_TASK GOAL_. If an entry holds an image, leave that image out and transcribe everything else exactly.

>>>

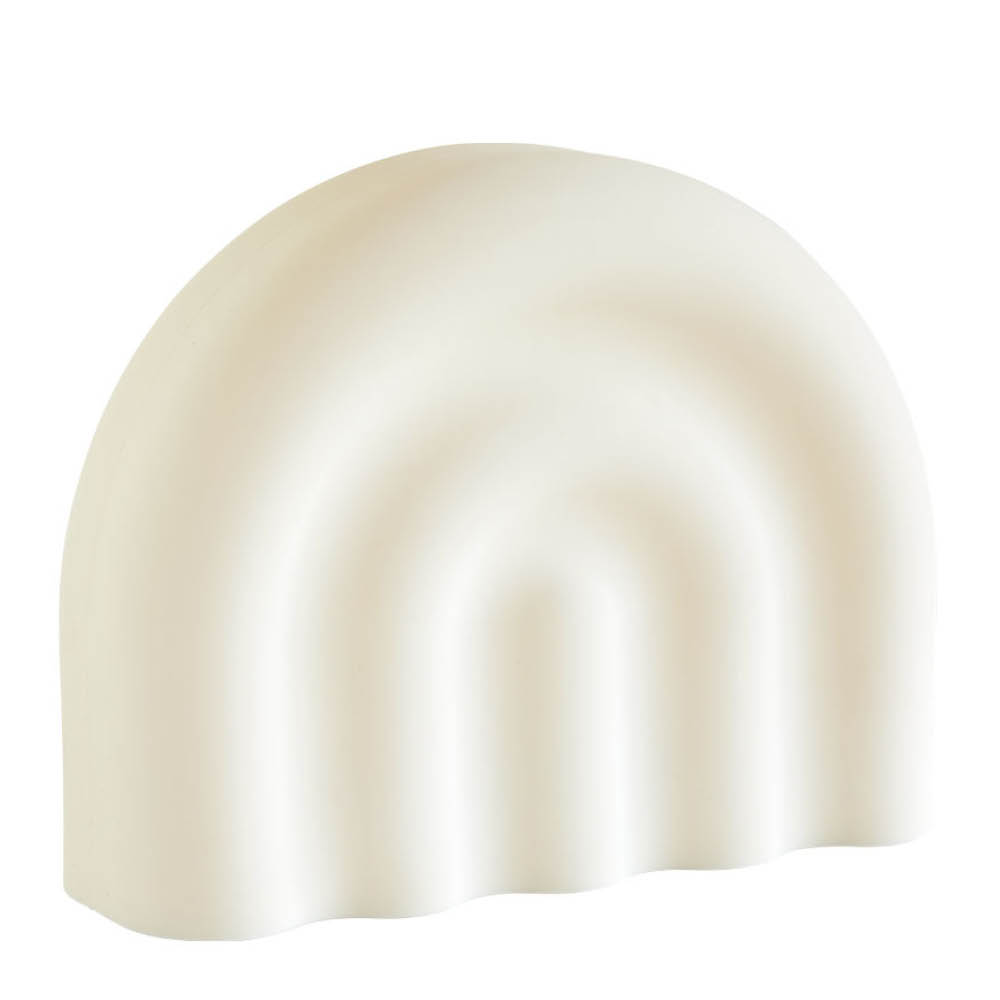 OYOY Rainbow nattlampa 18 cm offwhite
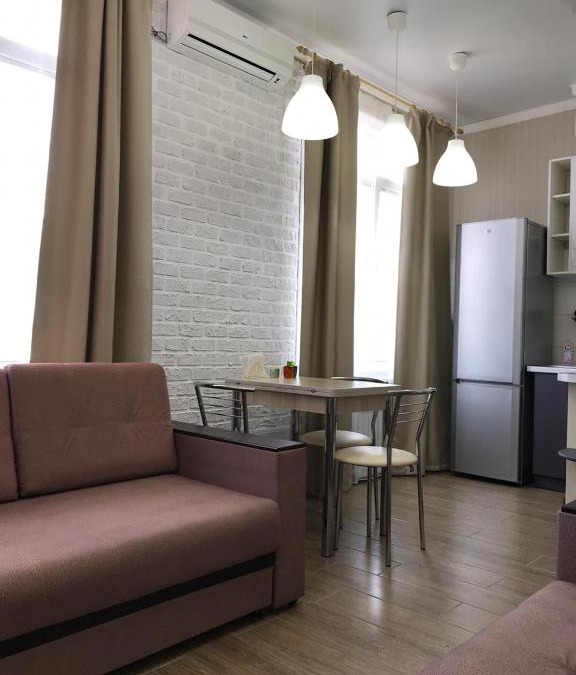 Adler City Centre Apartment | Apartment on Ulitsa Demokraticheskaya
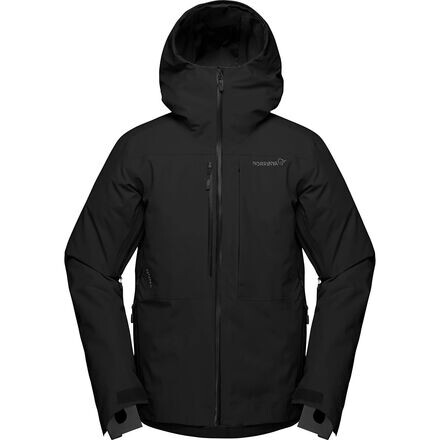 

Утепленная куртка Lofoten GORE-TEX мужская Norrona, черный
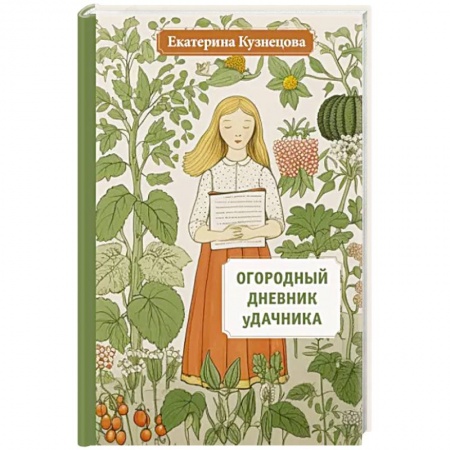 Общие работы по садоводству, книга Огородный дневник уДачника заказать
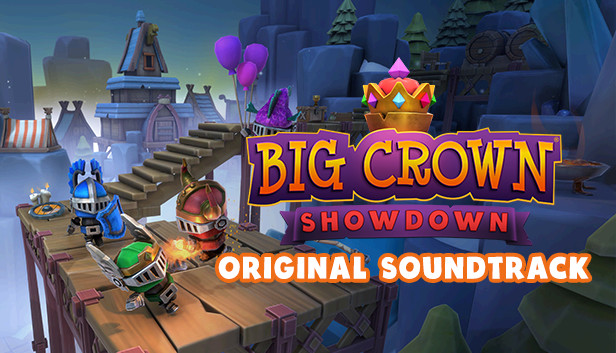 Big Crown®: Showdown - OST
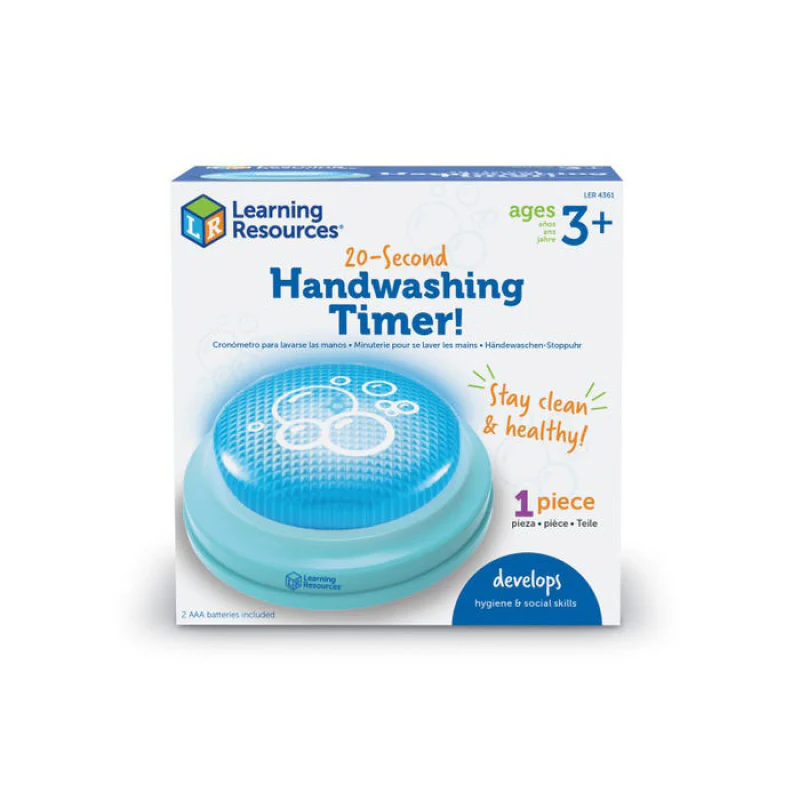 20-Second Handwashing Timer - Image 4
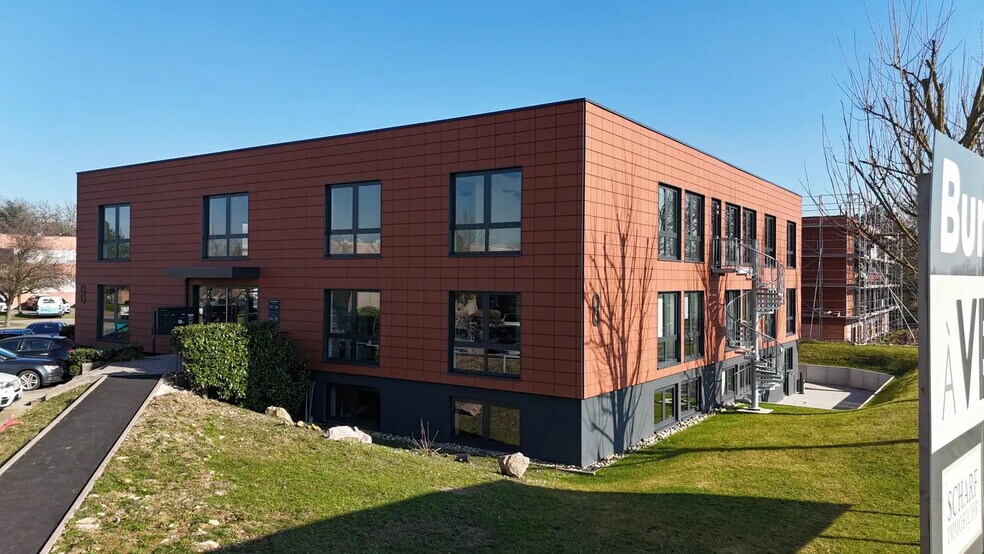 8 Rue Du Parc, Oberhausbergen à vendre - Photo principale - Image 1 de 2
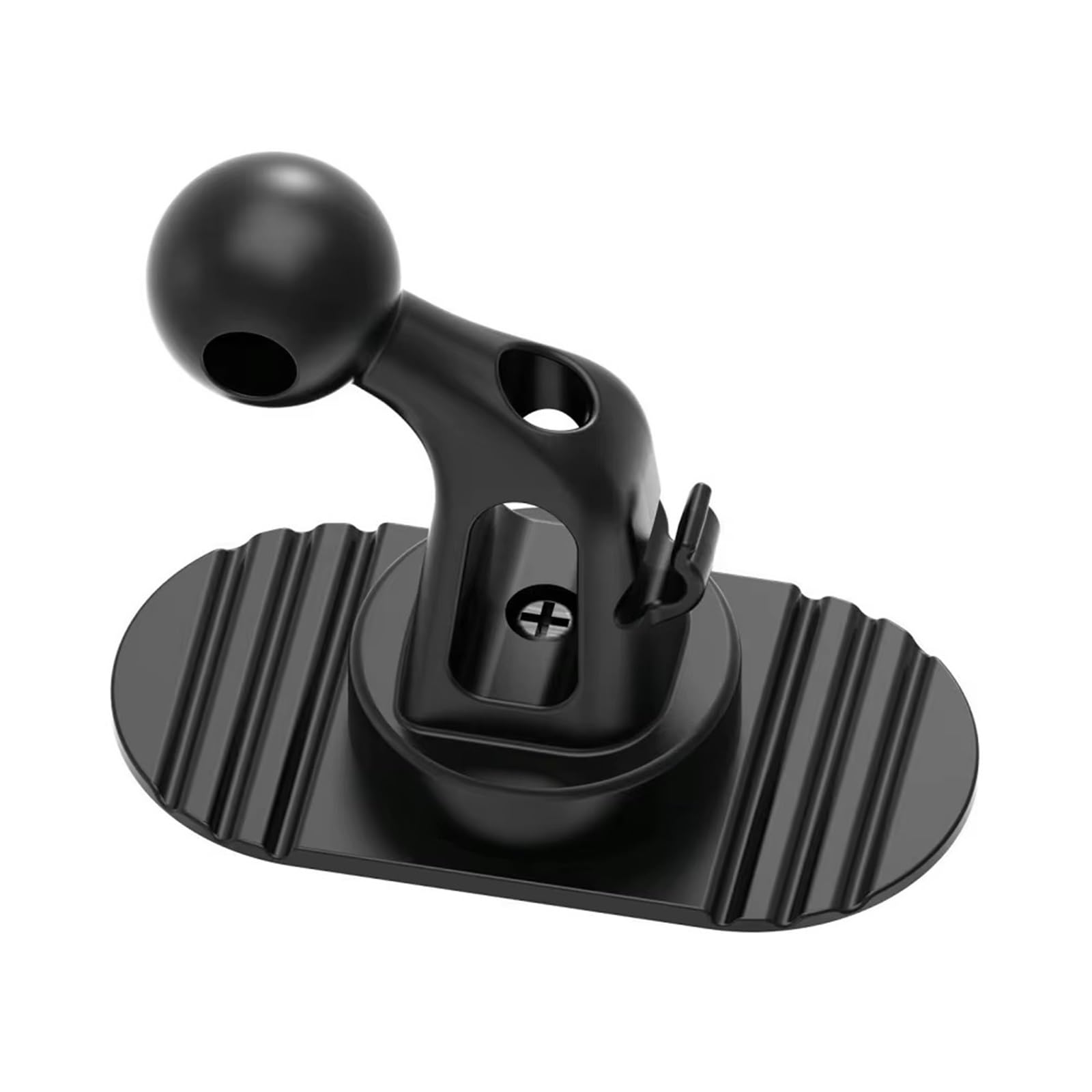 para Xiaomi 17mm Cabeza Bola Soporte para Teléfono Base Tablero Instrumentos Soporte Teléfono Móvil Teléfono GPS Soporte Móvil Coche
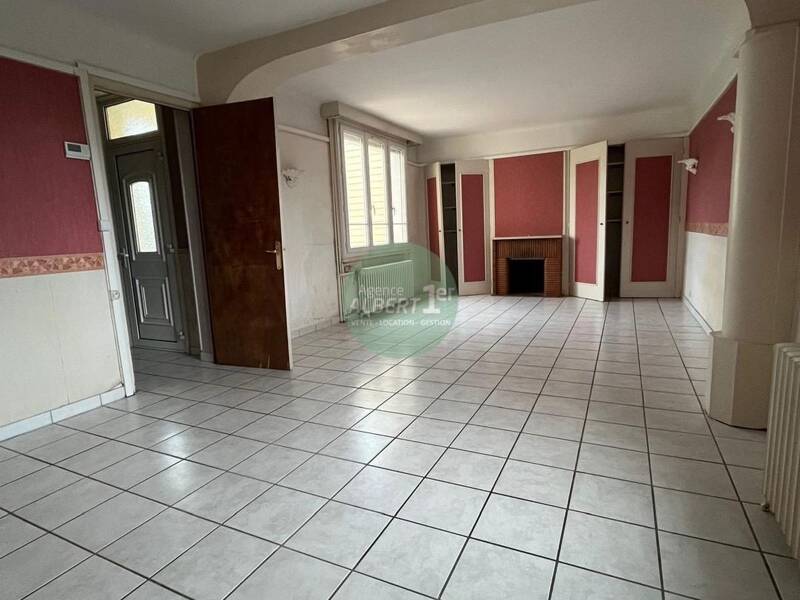 Maison à vendre, 95m², LE HAVRE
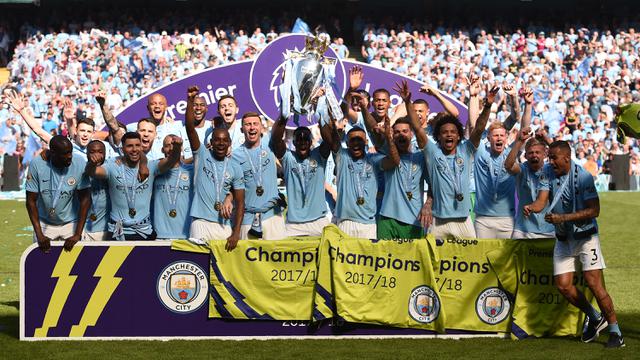 Foto: Tragis, Ini Dia Deretan Sanksi yang Bisa Dijatuhkan Premier League kepada Manchester City setelah Langgar Aturan Finansial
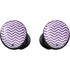 Purple Chevron Galaxy Buds Skin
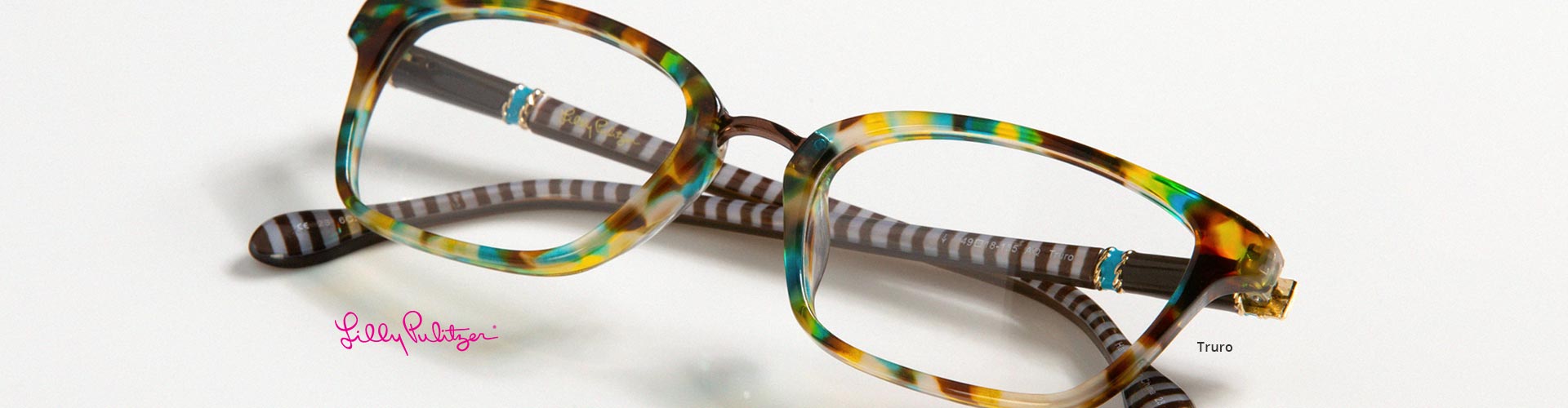 Lilly Pulitzer Ellis Eyeglasses main image 1
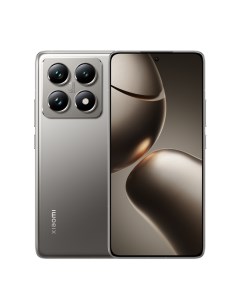 Смартфон 14T Pro (12/1024 серый) Xiaomi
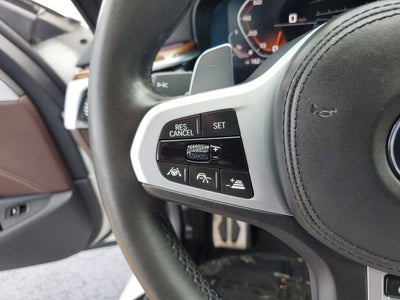 2020 BMW 5 Series M550i xDrive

<<<

_WORKED SOLUTION_.
 OYOY Rainbow nattlampa 18 cm offwhite
 Adler City Centre Apartment | Apartment on Ulitsa Demokraticheskaya

Утепленная куртка Lofoten GORE-TEX мужская Norrona, черный
 Общие работы по садоводству, книга Огородный дневник уДачника заказать
 Big Crown®: Showdown - OST
 20-Second Handwashing Timer - Image 4
 8 Rue Du Parc, Oberhausbergen à vendre - Photo principale - Image 1 de 2
 para Xiaomi 17mm Cabeza Bola Soporte para Teléfono Base Tablero Instrumentos Soporte Teléfono Móvil Teléfono GPS Soporte Móvil Coche
 Maison à vendre, 95m², LE HAVRE
 Foto: Tragis, Ini Dia Deretan Sanksi yang Bisa Dijatuhkan Premier League kepada Manchester City setelah Langgar Aturan Finansial
 Purple Chevron Galaxy Buds Skin
 Lilly Pulitzer Ellis Eyeglasses main image 1
 Смартфон 14T Pro (12/1024 серый) Xiaomi
 2020 BMW 5 Series M550i xDrive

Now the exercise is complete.